I vote for regenerate Paul.


----------



## reaganmarsh (Sep 28, 2014)

DMcFadden said:


> Theologically considered: Simul Justus et Peccator
> Or, as the wisdom of Okefenokee Swamp, Dr. Pogo Possum put it: "We have met the enemy and he is us."
> I vote for regenerate Paul.



Ditto.


----------



## KMK (Sep 28, 2014)

reaganmarsh said:


> DMcFadden said:
> 
> 
> > Theologically considered: Simul Justus et Peccator
> ...



Ditto except for the stuff about Pogo. I don't want to date myself by acknowledging such a reference.


----------



## Reformed Roman (Sep 28, 2014)

I'd like to hear some arguments for an unregenerate Paul. I definitely think it was regenerate Paul


----------



## Steve Curtis (Sep 28, 2014)

KMK said:


> Ditto except for the stuff about Pogo. I don't want to date myself by acknowledging such a reference.



Ditto (to both parts)


----------



## jambo (Sep 28, 2014)

I too would see this as the regenerate Paul


----------



## nicnap (Sep 28, 2014)

Zach Rohman said:


> I'd like to hear some arguments for an unregenerate Paul.



You can read such an argument in Robert Reymond's, _A New Systematic Theology of the Christian Faith_. It is an appendix.

I vote Paul the Apostle.


----------



## Steve Curtis (Sep 28, 2014)

Sam Storms offers a summary of several views of this passage and the proponents of those views (historical and current) here


----------



## Bill The Baptist (Sep 28, 2014)

Most of those who argue for the unregenerate Paul position are from the sinless perfection camp.


----------



## earl40 (Sep 28, 2014)

Bill The Baptist said:


> Most of those who argue for the unregenerate Paul position are from the sinless perfection camp.

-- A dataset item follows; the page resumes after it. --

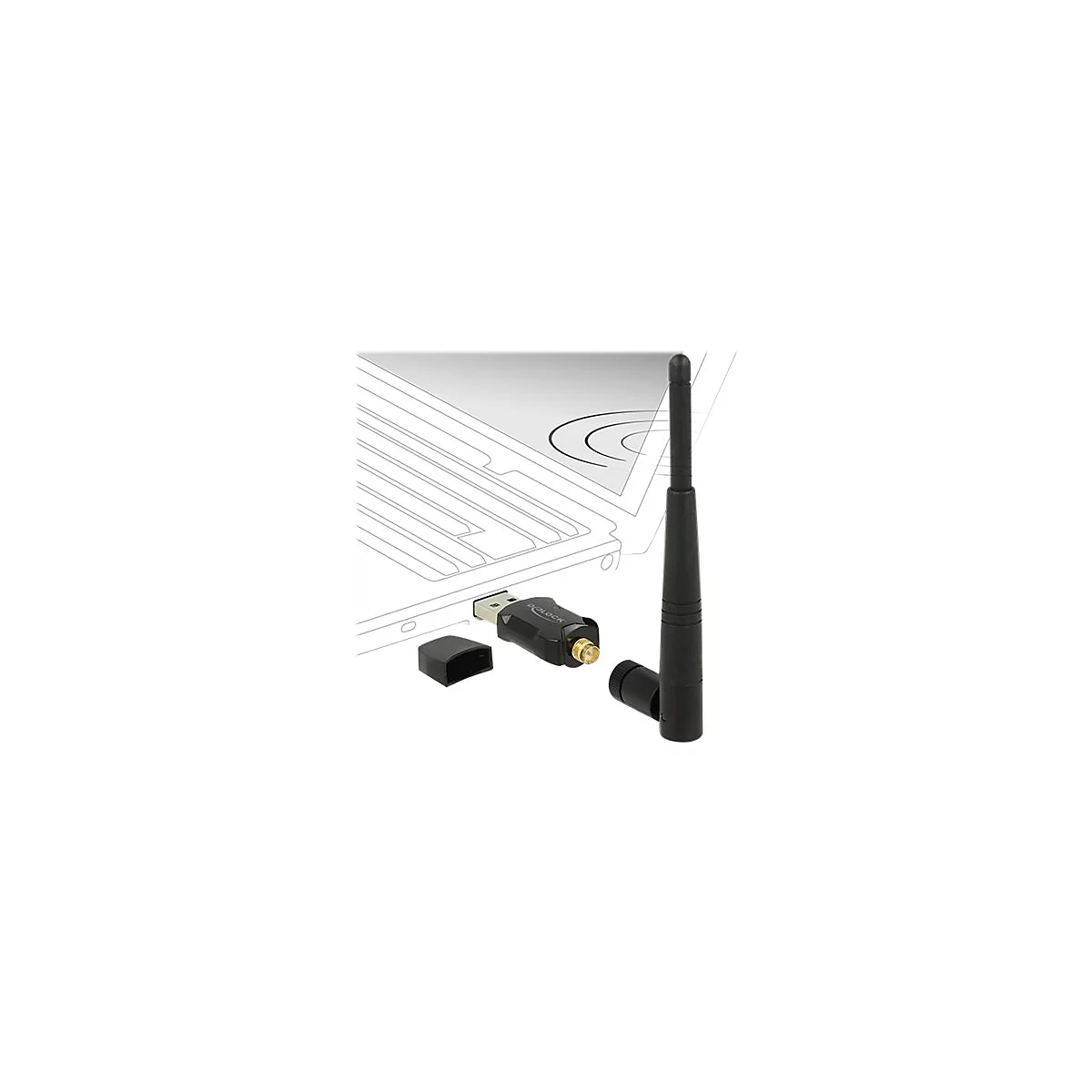 USB-WLAN-Adapter mit abnehmbarer Antenne und Kappe, teilweise auf skizzierter Laptop-Darstellung.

I have seen this often. Also as my confidence grows "In The Lord" I become more convinced that the flesh still within me can send myself and the rest of the world to hell.


----------



## reaganmarsh (Sep 28, 2014)

kainos01 said:


> KMK said:
> 
> 
> > Ditto except for the stuff about Pogo. I don't want to date myself by acknowledging such a reference.
> ...



I'm 35. I have no idea what a Pogo is, other than a stick used to jump...


----------



## DMcFadden (Sep 28, 2014)

A very popular comic strip of a few decades ago when I was young.






In popular parlance, the line evokes the notion much the same as the Shakespeare quote where Cassius says: "The fault, dear Brutus, is not in our stars,
But in ourselves, that we are underlings."


----------



## Edward (Sep 28, 2014)

reaganmarsh said:


> I'm 35. I have no idea what a Pogo is, other than a stick used to jump...



And you are in Georgia? It was set there, although it was drawn by a yankee. 

Pogo (comic strip) - Wikipedia, the free encyclopedia


----------



## reaganmarsh (Sep 29, 2014)

Edward said:


> reaganmarsh said:
> 
> 
> > I'm 35. I have no idea what a Pogo is, other than a stick used to jump...
> ...



Very interesting...we're serving in GA, but I've lived all over the place. We often refer to ourselves as transplants. Ha!


----------



## SolaScriptura (Sep 29, 2014)

I think it was probably Paul of Tarsus.


----------



## earl40 (Sep 29, 2014)

SolaScriptura said:


> I think it was probably Paul of Tarsus.



Bad bad man....


----------



## whirlingmerc (Sep 29, 2014)

I think Roman 7 was the struggles of a believer... and I lean toward Paul... but happy to hear the arguments

I see the last two stanzas of Psalm 119 as very Roman 7 like.... I keep the law.... I don't keep the law, help me


----------



## MW (Sep 29, 2014)

They are definitely one and the same person.

I doubt Saul/Paul saw himself as being "unregenerated" in the theological sense of that term, especially in the light of Galatians 1:15.


----------



## Mushroom (Sep 30, 2014)

reaganmarsh said:


> kainos01 said:
> 
> 
> > KMK said:
> ...


I'm 55, and unabashedly admit my vintage when it comes to Pogo. Good stuff.

Paul the Apostle of Tarsus...


----------



## Fender tele 67 (Oct 2, 2014)

I believe as well it is the Apostle Paul struggling with sin like I do. Not sure what the reason would be for Paul to describe his struggle with sin as an undegenerated man.


----------